Tally Eitan, managing partner of Eitan, Pearl, Latzer & Cohen-Zedek LLP, a law firm operating in New York and Tel Aviv, recently implemented a file-caching system. "As a global law firm on both sides of the Atlantic, we tried various alternatives for data consolidation," he says. "We selected a synchronous solution, as it provides us with instantaneous, reliable global access to our file system."
A different approach is the acceleration technology for client/server transactions, which eliminates the caching mechanism and implements complex algorithms to ensure optimal performance over the WAN. Two companies operating in the field of transaction-acceleration technology for several years are Expand Networks Inc. and Peribit Networks Inc. Both now focus on increasing the WAN capacity through bandwidth compression or, in Peribit's case, through "molecular sequence reduction" (basically, the identification and deletion of repetitive data patterns).
Riverbed Technology Inc. provides WAN transaction acceleration by tackling low bandwidth and high latency with data suppression -- vs. compression -- techniques together with innovative "transaction prediction" algorithms. The company is now going through beta testing and is officially launching its product offering at the end of the first quarter.
The advantage of the technology is its application transparency: As opposed to file-caching, any type of TCP traffic, even Web or MS Exchange applications, can be carried over the WAN. It is, in a sense, the ultimate synchronous technology, with differentials (deltas) carrying only useful bits of information across the network for better performance.
However, simply carrying the data (albeit more efficiently) by working at the WAN layer and not going up into the application layer (e.g., file protocols), eliminates the benefits of getting into the file system and suppressing unnecessary file transactions. Eliminating these numerous handshakes through file-caching effectively tackles WAN latency, often providing a better response time and user experience. In addition, the transaction-acceleration technology is completely WAN-dependent, and there can be some concerns at having no caching at all for remote storage when WAN communication is interrupted.
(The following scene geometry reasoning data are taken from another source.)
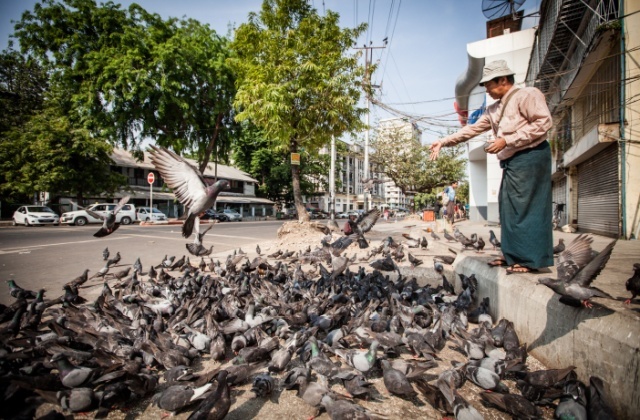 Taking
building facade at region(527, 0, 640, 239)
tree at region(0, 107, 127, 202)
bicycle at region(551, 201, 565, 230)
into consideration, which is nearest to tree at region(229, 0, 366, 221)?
building facade at region(527, 0, 640, 239)

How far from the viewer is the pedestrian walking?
2660 millimetres

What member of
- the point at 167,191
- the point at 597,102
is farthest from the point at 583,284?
the point at 167,191

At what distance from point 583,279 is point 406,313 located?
1.58 meters

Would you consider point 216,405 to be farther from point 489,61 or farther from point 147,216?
point 147,216

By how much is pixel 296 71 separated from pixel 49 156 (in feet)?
71.9

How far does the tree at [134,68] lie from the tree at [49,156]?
3.37 m

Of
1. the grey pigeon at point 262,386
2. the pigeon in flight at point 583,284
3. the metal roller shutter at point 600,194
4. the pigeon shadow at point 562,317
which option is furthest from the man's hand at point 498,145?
the metal roller shutter at point 600,194

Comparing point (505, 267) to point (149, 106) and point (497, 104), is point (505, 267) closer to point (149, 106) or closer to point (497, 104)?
point (497, 104)

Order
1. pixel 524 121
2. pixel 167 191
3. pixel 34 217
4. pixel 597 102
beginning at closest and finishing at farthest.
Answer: pixel 524 121 < pixel 597 102 < pixel 34 217 < pixel 167 191

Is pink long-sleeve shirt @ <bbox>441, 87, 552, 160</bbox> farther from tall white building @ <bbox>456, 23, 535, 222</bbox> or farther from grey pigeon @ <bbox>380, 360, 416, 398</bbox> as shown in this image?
tall white building @ <bbox>456, 23, 535, 222</bbox>

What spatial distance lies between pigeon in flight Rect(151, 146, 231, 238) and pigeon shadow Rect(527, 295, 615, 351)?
10.8 feet

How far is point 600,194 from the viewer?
27.9ft

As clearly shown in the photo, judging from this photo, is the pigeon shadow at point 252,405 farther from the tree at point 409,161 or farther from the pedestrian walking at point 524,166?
the tree at point 409,161

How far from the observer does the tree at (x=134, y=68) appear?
56.9 feet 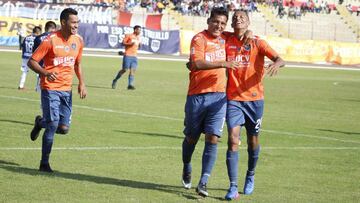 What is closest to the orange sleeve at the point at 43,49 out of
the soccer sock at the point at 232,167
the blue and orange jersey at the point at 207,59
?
the blue and orange jersey at the point at 207,59

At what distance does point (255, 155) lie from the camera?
11086 millimetres

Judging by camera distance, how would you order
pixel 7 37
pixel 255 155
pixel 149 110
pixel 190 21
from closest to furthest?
pixel 255 155
pixel 149 110
pixel 7 37
pixel 190 21

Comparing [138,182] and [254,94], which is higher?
[254,94]

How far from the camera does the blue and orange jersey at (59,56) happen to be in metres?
12.0

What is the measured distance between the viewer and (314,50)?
6544cm

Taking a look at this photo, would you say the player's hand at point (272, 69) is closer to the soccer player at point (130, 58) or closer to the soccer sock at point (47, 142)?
the soccer sock at point (47, 142)

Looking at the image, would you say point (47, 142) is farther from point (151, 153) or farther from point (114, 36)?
point (114, 36)

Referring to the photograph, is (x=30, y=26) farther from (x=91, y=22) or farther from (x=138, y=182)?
(x=138, y=182)

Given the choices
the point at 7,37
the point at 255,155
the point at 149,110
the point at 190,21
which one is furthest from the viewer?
the point at 190,21

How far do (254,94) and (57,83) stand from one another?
2.96m

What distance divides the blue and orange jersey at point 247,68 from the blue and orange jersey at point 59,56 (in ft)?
8.47

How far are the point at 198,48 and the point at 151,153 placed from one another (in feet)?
13.9

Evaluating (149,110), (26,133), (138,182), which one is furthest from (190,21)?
(138,182)

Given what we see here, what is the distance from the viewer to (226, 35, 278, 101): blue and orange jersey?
422 inches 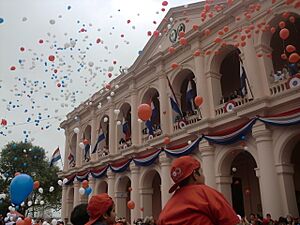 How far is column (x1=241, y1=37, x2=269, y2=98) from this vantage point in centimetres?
1116

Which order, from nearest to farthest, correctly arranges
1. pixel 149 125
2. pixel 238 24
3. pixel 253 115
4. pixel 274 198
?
pixel 274 198, pixel 253 115, pixel 238 24, pixel 149 125

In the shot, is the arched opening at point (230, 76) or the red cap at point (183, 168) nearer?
the red cap at point (183, 168)

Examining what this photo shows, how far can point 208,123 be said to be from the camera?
12.6 metres

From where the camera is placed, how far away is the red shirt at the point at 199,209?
6.77ft

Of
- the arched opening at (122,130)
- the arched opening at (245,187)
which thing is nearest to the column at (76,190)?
the arched opening at (122,130)

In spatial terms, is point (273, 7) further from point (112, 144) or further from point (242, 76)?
point (112, 144)

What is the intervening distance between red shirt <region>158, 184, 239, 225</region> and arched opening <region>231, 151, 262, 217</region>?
12.2 meters

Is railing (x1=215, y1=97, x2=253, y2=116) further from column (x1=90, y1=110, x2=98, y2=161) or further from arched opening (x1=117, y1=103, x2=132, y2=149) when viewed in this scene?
column (x1=90, y1=110, x2=98, y2=161)

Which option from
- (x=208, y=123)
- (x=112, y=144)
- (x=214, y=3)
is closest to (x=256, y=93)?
(x=208, y=123)

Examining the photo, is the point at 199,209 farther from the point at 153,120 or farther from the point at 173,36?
the point at 173,36

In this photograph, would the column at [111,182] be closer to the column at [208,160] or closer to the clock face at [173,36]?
the column at [208,160]

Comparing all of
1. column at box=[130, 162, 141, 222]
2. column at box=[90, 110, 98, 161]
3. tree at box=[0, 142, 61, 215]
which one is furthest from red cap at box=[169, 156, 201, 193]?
tree at box=[0, 142, 61, 215]

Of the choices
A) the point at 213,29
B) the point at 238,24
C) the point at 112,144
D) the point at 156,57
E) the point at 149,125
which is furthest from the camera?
the point at 112,144

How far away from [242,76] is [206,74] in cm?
206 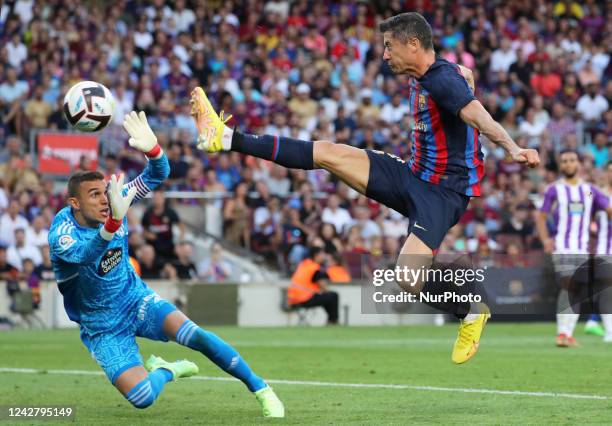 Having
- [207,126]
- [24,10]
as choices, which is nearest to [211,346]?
[207,126]

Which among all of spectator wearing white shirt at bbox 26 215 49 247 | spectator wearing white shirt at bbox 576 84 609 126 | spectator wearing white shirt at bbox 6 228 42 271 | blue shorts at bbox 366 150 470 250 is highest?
spectator wearing white shirt at bbox 576 84 609 126

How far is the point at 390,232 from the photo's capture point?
23938 mm

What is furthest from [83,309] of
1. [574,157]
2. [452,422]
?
[574,157]

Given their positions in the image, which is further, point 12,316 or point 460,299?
point 12,316

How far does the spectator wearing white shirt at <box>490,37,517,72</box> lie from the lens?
29.4 m

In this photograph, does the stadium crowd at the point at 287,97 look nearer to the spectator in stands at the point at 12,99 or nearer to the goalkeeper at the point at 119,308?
the spectator in stands at the point at 12,99

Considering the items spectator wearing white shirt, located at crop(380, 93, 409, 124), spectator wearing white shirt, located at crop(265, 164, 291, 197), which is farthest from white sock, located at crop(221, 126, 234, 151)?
spectator wearing white shirt, located at crop(380, 93, 409, 124)

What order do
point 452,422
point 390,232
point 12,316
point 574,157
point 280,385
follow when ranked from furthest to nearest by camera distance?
1. point 390,232
2. point 12,316
3. point 574,157
4. point 280,385
5. point 452,422

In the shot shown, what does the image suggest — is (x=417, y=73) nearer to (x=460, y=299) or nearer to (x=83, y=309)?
(x=460, y=299)

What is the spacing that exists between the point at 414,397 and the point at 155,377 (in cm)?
256

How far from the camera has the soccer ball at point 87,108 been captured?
941 cm

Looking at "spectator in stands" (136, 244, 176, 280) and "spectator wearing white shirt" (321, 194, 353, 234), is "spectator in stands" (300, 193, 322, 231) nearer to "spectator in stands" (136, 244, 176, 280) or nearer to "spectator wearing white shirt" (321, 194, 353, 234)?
"spectator wearing white shirt" (321, 194, 353, 234)

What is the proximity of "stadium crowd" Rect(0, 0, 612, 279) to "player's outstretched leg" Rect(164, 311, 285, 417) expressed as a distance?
12.6 metres

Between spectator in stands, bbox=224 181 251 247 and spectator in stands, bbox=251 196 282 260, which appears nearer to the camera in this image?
spectator in stands, bbox=224 181 251 247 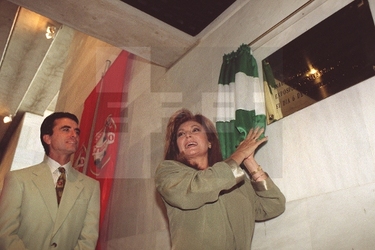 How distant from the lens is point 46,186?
230 cm

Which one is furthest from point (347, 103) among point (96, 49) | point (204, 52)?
point (96, 49)

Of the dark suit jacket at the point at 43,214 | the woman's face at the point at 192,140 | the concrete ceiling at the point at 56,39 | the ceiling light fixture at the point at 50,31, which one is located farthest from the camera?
the ceiling light fixture at the point at 50,31

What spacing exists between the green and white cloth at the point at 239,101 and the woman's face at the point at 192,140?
27 centimetres

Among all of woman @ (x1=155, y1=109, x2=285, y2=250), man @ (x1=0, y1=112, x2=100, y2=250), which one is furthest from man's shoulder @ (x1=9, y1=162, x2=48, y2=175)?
woman @ (x1=155, y1=109, x2=285, y2=250)

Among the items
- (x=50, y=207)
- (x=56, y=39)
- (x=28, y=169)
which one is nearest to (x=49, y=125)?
(x=28, y=169)

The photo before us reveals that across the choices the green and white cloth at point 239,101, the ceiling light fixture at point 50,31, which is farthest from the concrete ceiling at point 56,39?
the green and white cloth at point 239,101

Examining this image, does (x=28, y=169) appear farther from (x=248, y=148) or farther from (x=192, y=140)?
(x=248, y=148)

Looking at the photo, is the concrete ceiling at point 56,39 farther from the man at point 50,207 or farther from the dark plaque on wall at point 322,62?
the man at point 50,207

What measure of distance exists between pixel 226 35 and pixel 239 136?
141 centimetres

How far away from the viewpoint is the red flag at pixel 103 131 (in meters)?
4.31

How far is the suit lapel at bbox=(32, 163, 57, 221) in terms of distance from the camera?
7.36ft

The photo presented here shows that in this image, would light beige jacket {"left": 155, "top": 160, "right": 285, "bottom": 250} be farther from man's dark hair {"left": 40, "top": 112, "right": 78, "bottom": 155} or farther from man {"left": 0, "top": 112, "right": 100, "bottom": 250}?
man's dark hair {"left": 40, "top": 112, "right": 78, "bottom": 155}

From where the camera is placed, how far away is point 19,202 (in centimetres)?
216

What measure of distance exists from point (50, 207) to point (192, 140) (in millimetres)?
1082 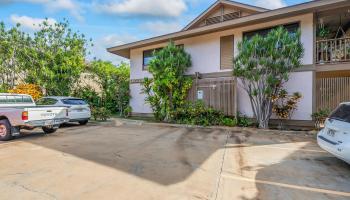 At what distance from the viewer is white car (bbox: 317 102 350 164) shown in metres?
4.93

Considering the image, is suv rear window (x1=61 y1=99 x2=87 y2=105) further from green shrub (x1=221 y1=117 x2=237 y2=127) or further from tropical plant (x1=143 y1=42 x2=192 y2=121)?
green shrub (x1=221 y1=117 x2=237 y2=127)

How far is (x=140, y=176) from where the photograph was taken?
483cm

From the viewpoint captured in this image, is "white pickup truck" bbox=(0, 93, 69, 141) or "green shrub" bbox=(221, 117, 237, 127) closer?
"white pickup truck" bbox=(0, 93, 69, 141)

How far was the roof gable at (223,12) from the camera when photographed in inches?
552

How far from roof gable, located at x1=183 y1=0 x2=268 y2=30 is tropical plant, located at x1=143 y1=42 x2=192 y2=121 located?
322 cm

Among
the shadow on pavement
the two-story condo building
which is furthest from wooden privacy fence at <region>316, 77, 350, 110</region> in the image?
the shadow on pavement

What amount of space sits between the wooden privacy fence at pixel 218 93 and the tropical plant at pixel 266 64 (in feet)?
3.41

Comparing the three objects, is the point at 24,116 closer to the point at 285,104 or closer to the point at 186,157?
the point at 186,157

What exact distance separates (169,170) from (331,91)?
8.93m

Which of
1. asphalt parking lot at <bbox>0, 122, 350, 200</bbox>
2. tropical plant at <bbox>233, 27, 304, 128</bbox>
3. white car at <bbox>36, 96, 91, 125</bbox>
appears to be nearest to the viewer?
asphalt parking lot at <bbox>0, 122, 350, 200</bbox>

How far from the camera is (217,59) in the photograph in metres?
13.8

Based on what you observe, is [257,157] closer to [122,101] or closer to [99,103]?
[122,101]

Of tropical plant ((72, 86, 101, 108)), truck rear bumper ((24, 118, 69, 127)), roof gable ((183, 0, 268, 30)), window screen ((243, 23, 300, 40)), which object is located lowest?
truck rear bumper ((24, 118, 69, 127))

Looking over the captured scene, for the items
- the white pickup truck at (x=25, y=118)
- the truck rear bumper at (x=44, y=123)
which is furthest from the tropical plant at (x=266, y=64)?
the white pickup truck at (x=25, y=118) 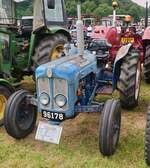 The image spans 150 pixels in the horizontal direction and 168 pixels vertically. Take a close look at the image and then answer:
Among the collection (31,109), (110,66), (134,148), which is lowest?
(134,148)

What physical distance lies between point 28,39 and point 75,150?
12.1 feet

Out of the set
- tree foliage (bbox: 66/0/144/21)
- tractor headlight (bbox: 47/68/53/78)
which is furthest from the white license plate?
tree foliage (bbox: 66/0/144/21)

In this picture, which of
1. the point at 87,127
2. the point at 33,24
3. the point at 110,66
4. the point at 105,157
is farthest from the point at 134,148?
the point at 33,24

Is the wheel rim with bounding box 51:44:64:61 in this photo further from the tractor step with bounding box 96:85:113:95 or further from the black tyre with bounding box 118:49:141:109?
the black tyre with bounding box 118:49:141:109

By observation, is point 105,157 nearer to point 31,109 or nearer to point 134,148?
point 134,148

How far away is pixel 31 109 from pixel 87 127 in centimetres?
91

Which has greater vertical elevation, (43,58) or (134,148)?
(43,58)

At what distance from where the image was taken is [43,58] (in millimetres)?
6867

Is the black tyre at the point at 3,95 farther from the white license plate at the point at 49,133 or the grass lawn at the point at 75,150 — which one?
the white license plate at the point at 49,133

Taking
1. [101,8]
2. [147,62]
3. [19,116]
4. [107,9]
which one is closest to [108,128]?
[19,116]

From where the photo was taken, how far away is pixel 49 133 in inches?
175

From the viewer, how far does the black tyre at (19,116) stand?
4.74m

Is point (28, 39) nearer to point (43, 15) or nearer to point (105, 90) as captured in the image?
point (43, 15)

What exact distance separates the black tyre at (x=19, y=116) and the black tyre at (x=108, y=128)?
119cm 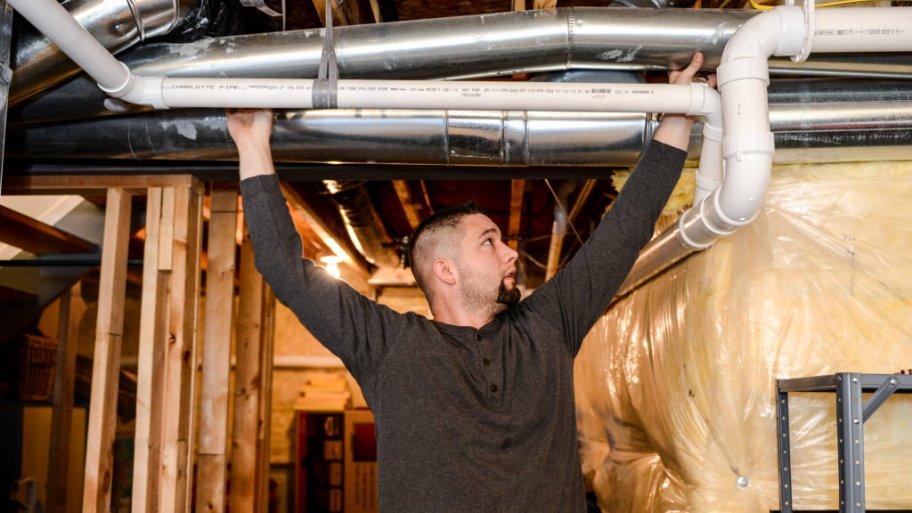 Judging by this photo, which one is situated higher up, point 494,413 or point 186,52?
point 186,52

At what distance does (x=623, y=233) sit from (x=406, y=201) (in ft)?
7.57

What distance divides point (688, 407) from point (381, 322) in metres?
0.86

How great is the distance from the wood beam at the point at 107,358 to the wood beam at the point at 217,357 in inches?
16.9

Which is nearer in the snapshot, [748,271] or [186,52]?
[186,52]

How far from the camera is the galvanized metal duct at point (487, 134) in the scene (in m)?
1.89

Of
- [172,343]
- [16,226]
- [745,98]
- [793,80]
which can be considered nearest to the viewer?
[745,98]

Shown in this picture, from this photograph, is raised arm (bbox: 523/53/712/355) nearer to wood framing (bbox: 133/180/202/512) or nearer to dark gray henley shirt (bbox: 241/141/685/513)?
dark gray henley shirt (bbox: 241/141/685/513)

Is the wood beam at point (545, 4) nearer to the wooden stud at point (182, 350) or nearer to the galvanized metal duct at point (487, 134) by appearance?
the galvanized metal duct at point (487, 134)

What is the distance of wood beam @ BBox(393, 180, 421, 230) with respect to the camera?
3.62 m

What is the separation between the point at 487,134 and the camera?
1.99m

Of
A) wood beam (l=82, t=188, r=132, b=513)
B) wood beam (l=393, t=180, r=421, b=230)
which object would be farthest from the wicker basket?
wood beam (l=393, t=180, r=421, b=230)

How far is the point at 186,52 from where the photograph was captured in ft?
6.00

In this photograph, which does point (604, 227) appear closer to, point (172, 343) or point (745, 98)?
point (745, 98)

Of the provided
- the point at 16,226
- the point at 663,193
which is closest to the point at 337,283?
the point at 663,193
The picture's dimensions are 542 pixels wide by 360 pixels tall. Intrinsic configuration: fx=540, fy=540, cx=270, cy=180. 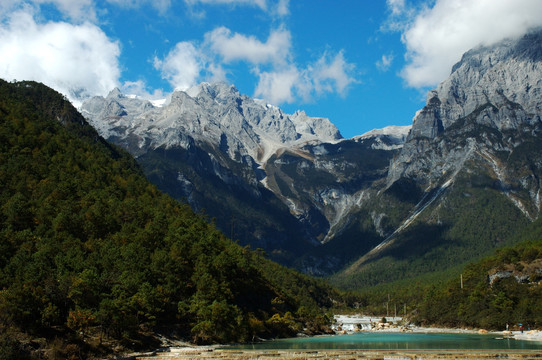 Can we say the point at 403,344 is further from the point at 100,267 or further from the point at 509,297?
the point at 509,297

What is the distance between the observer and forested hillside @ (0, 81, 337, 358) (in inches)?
3460

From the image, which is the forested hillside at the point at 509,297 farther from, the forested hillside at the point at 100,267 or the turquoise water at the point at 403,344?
the forested hillside at the point at 100,267

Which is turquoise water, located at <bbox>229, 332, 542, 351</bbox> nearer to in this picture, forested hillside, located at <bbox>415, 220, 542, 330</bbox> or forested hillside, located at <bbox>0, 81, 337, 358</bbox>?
forested hillside, located at <bbox>0, 81, 337, 358</bbox>

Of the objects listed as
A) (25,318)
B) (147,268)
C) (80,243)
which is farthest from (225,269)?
(25,318)

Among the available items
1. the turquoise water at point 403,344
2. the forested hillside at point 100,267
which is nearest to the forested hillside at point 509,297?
the turquoise water at point 403,344

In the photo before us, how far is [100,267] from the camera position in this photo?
114750 mm

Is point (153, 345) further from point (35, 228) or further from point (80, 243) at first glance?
point (35, 228)

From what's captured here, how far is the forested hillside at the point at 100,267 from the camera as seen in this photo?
8788 cm

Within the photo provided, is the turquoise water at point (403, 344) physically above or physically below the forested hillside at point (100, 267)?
below

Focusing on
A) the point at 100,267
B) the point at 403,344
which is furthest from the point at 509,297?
the point at 100,267

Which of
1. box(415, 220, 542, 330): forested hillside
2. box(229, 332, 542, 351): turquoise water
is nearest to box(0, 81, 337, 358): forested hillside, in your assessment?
box(229, 332, 542, 351): turquoise water

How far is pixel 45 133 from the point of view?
182 meters

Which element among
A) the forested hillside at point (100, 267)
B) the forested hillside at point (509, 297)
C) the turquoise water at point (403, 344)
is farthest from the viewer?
the forested hillside at point (509, 297)

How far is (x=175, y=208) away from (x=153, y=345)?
8841 cm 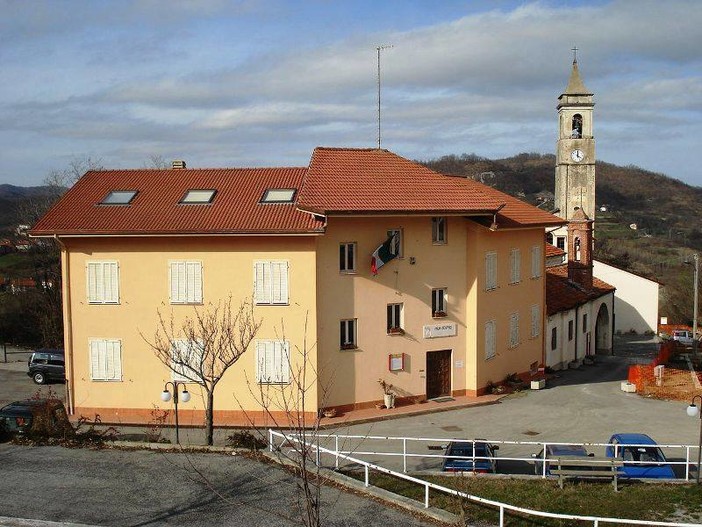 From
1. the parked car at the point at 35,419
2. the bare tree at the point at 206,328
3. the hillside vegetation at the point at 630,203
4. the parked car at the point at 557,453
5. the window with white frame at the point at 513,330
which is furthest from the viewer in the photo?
the hillside vegetation at the point at 630,203

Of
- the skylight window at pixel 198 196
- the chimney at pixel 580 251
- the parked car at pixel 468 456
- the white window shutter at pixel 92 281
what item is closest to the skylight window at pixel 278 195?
the skylight window at pixel 198 196

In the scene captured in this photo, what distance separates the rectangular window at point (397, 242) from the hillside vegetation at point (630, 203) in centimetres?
5141

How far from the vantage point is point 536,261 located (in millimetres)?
30719

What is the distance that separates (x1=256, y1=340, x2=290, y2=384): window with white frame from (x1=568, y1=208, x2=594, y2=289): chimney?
75.5 feet

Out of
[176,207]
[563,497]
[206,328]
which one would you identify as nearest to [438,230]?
[206,328]

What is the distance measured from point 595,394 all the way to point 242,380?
14.2m

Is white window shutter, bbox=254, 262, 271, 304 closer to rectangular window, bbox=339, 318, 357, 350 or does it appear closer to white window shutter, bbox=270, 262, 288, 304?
white window shutter, bbox=270, 262, 288, 304

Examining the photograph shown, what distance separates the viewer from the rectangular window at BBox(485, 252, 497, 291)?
84.9ft

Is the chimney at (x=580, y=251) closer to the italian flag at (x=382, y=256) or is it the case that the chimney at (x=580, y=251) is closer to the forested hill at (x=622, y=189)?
the italian flag at (x=382, y=256)

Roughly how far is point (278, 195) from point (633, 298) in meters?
36.5

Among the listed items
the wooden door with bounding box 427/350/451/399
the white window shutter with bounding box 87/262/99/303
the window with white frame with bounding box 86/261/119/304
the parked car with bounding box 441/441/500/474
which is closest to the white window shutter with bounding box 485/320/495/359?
the wooden door with bounding box 427/350/451/399

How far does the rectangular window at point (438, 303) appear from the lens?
2462cm

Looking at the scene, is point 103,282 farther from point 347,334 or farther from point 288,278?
point 347,334

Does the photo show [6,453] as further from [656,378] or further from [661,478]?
[656,378] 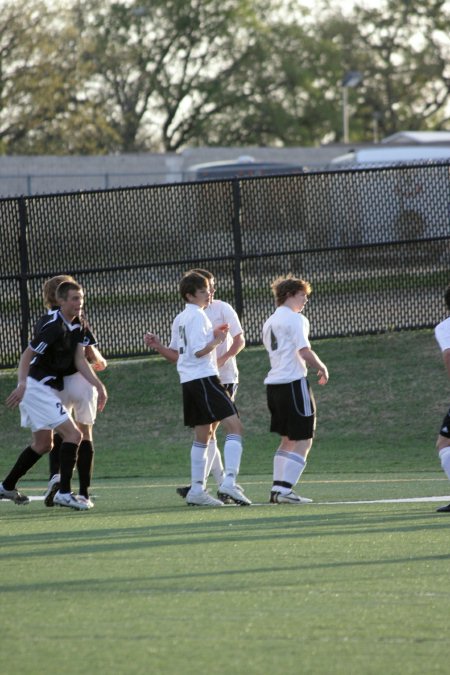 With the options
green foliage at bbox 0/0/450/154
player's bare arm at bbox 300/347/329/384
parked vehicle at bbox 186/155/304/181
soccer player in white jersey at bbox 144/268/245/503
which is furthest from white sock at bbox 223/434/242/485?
green foliage at bbox 0/0/450/154

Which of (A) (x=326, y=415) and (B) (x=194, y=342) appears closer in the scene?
(B) (x=194, y=342)

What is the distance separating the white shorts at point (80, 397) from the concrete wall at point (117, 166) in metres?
23.6

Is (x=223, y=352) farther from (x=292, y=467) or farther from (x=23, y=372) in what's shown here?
(x=23, y=372)

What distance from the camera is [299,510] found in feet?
31.4

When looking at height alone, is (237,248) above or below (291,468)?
above

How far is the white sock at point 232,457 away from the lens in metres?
10.1

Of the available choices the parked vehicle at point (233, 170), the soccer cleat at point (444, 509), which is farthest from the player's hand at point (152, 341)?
the parked vehicle at point (233, 170)

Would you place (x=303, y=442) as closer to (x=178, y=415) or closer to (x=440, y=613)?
(x=440, y=613)

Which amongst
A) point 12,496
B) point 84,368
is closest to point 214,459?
point 84,368

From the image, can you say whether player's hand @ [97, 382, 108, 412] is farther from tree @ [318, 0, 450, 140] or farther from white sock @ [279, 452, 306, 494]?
tree @ [318, 0, 450, 140]

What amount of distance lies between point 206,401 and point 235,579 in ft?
11.5

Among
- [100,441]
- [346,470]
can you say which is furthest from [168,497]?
[100,441]

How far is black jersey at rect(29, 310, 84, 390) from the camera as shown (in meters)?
9.71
Considering the early stage at which some of these companies are now, industry experts are expectant, but cautious. "You don't really know how well an appliance works until you get a chance to actually pound on it," says John Webster, senior analyst at and founder of Data Mobility Group LLC.
Is there some visible convergence between the two philosophies? Maybe, if we consider the file-caching products that integrate in synchronous mode some benefits of WAN bandwidth optimization, although they remain application-dependent. On their end, "carry" vendors have systematically differentiated themselves from file-caching solutions in their protocol-agnostic approach.
So if you face the remote-office dilemma, which way should you go? "If you only have a hammer, that's the tool you use to fix every problem," concludes Stan Schatt, research director and vice president at Forrester Research Inc.
"Many of our clients have problems linked to their distributed architecture, which may or may not be caused by bandwidth," he continues. "Caching vendors, compression vendors, application-acceleration vendors and prioritization vendors all are pressing them to go with their products. Put the problem in a wider perspective, identify its main cause and then select the appropriate technological solution."
Val Golan is the managing director of GoLAN Consulting, a New Jersey-based company providing an array of business services, including technology mapping, market analysis and technical marketing content to global corporations, with specific expertise in LANs, WANs and storage-area networks.